Safe to say, it's not going TOO well.
In addition to her less that successful lessons, we also see Neha going on a series of less than successful missions... missions that involve very little actual killing and a fairly large amount of throwing up on shoes.
But, as this issue is set over the course of the first three years of Neha's education, we begin to see her make some small improvements (can learning to harden your heart and become a remorseless killer really be called improving, though?), slowly becoming the assassin that Imogen always saw inside her.
So the big question then becomes:
Once that dark seed has bloomed, what will become of the bitter fruit that it brings forth?
I guess we'll have to wait for the next issue, to find out.
Decorum continues to be a wonderful oddity. Like with so much of Hickman's current work, you're never 100% sure what you're going to get when you open the book. Will it be a roaring tale of heroism? Will it be an existentialist treatise on the nature of the soul? Will it be a murder-y montage of assassination training?
Or, will it be some mind-blowing combination of them all?
This time around, they've dialed back the craziness a little. The story focuses on budding assassin Neha Nori Sood, and her '80s-inspired training montage.
In classic movie montage style, there is no text for the majority of this issue, showing Neha's progress through her training through images and steady improvement. It makes me a little sad, seeing her brightness and humour slowly slipping away, as her skills improve. While I'd like to hope that she can retain her light, going through the kind of training she does makes that a fairly slim chance.

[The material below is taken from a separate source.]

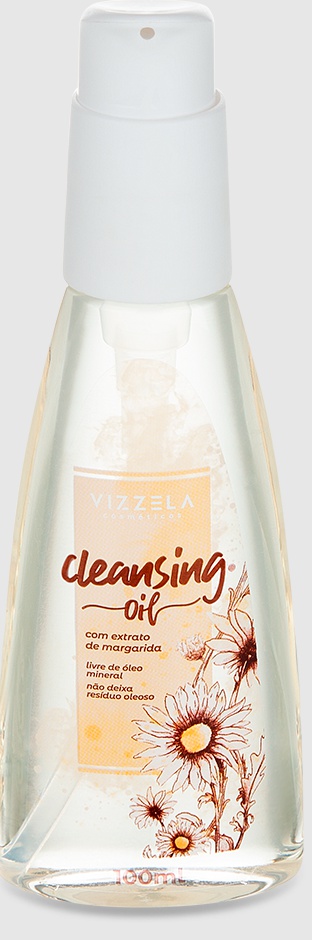Vizzela Cleansing Oil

The other half of this issue focuses on Neha's training missions, with her mentor and my future wife, Imogen.
I'm really enjoying seeing how these two interact. Imogen makes sure to remain a stoic force in Neha's life. Showing her the correct way to execute the missions, praising Neha when she makes progress, and chastising her when it's required.

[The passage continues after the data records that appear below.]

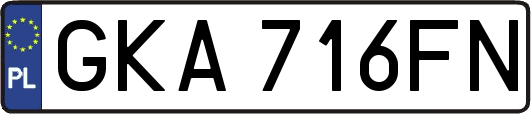 GKA716FN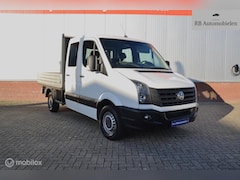 Volkswagen Crafter - pick up 50 2.0 TDI L2H1 DC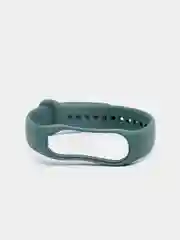 Лесной зеленый силиконовый ремешок Xiaomi Mi Band 7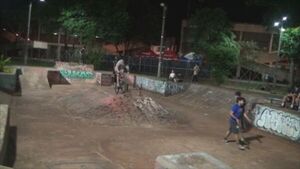 Encarnación impulsa nuevas obras en el Parque de la Ciudad y apuesta al Deporte Urbano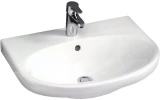 Bathroom sink Nautic 5565 - for bolt/bracket mounting 65 cm
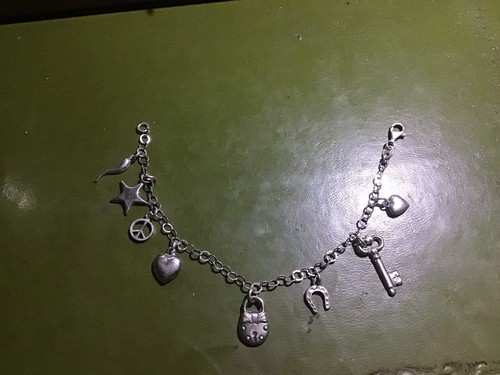 Bracelet argent 925 - bracelet,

As usual, Hickman's writing is note perfect. It's like a textbook example of world building and character development.
As I mentioned at the start, you can never be totally sure what you're going to get, when you pull open an issue of Decorum. But, regardless of the contents, you can always be assured of the quality of the product found therein.
The subject matter this issue is about as grim as we've seen for the story so far. But Hickman manages to maintain the balance perfectly, injecting just enough humour in to keep the mood light, while ensuring that we don't lose the gravity of Neha's progress in her new line of work.
And, of course, in a issue where large chunks of the story are told non-verbally, you have to give credit where it's due, to the amazing Huddleston art. Seeing the contrast between the yellowed out pages of her training (tinted to feel like an old reference guide., much like one would use while studying), to the more vibrant, colourful pages of her missions, puts you instantly in the right frame of mind for each part. Then, seeing the tone and composition of the art get darker, as in each mission Neha progresses further and further, subconsciously darkens the readers mood. It's small touches like this that show just how much care and attention is put into each issue of this tale.
Overall, Decorum issue 5 was an excellent start to this back half of the series. I don't know how Hickman is going to unite the seeming opposed halves of this strange tale, but personally, I cannot wait to see how he pulls it off.
Decorum issue 5, from Image Comics, releases October 7th 2020.